Grouping these four artists together under the heading of Drawing Rehearsals is to construe the work as functioning, “in the same open ended manner as working drawings”. This is explained in the introduction to the exhibition, and is qualified by their various outcomes not being predetermined, with compositions simply emerging during their processes. While accepting this rather broad interpretation of ‘drawing’, Chung’s work would initially seem the least drawing-like, and although loose grid forms swim within these surfaces, revealing its brush as an instrument of inscription, it’s the implication of open-endedness that seems most useful. With his bright atmospheric glazes, and layers of scumble he is definitely painting. However, this work does seem to be rehearsing for some composition that may never emerge, and have a dashed-off quality that belies the time it would have taken to consider each layer. Yes, perhaps ‘painterly sketches’ might work after all as a descriptor for Chung’s painting.

Drawing as painting appears differently in the case of each of these artists. While the open-ended and emergent process is not new to painters working within an ‘expressive’ mode (for want of a better phrase) it was Jan Verwoert’s article addressing the work of Turner prize-winner Tomma Abts that gave us the word ‘emergence’ as a way of theorising this engagement (1). In comparing this word’s scientific usage, Verwoert was able to extract an understanding of the painting process as a gestalt, where a structure of parts gives rise to the whole of what the work is. This whole, although nested in its parts, is irreducible to those elements, because their combined composition have given rise to an emergent quality that makes it the thing it is. There is the sense of the final picture being the active procedure of finding that picture.

In looking at the Latin roots of the word, Verwoert also compares it to the terms of an ‘emergency’ where crisis and the need “to work ones way out of a critical situation” (2) are part of that process. In this sense, however, Chung’s pictures seem a little too at ease with their ecstatic, hallucinogenic reveries; too ready to escape into another sugar rush, to imagine a criteria established through crisis within his process.

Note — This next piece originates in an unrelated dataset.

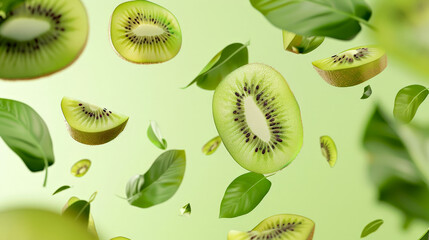 Fototapeta premium kiwi fruit slices falling or floating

For Verwoert, criteria are produced within an emergent work by opening up to the crisis in response to each act. If Chung seems immune to such issues within the formal tropes at his disposal, such critical criteria can otherwise be discerned in different ways through much of the work in the show.

Both of Albrecht’s paintings are from the 1970s. It is difficult to discern reasons for her dalliance here, but a sense of her presiding over the other works is hard to shift. She holds a key position downstairs, facing us on entry against the back wall, which she alone occupies. From here the work may provide some standard or precedence, and as the introductory blurb to this show suggests, the 70s Albrecht becomes a temporal marker for the initial establishments of gestural abstraction in New Zealand. Her work could be understood, in this light, as ‘rehearsals’ for further abstractions: setting the scene, and marking the territory, for others to follow. A matriarch then, of late modernist gesture, but with her own peculiar absorptions and distortions into a society removed from the Euro-American centre.

Albrecht’s downstairs work, also sits comfortably with the exhibition title of Drawing Rehearsals, with its fattened calligraphic marks scudding across its surface like so much cloud or blown foliage. The paint seeps into its surface and hovers between signs of colour-field painting and sketch. There is a sense of the hurried scrawl to capture fugitive wintry-elements at a chilly beach sunset. In contrast to the younger painters, Albrecht’s work in these rooms appears to partake of a more pure formalism, like the modernism of Morris Louis, with their colour-field stains. The truth is elsewhere and more complex, however. She was a particular type of modern: a woman, living in a country that typified the meaning of the word sublime, with its overwhelming landscape and sweeping Pacific weather. This Gretchen Albrecht of the 70s, is a case for understanding what Schmuel Eisenstadt called Multiple Modernities (3). Modernism appears differently in different places and different time zones, away from its European and American centres. The shape of modernism in New Zealand was still being iterated through her.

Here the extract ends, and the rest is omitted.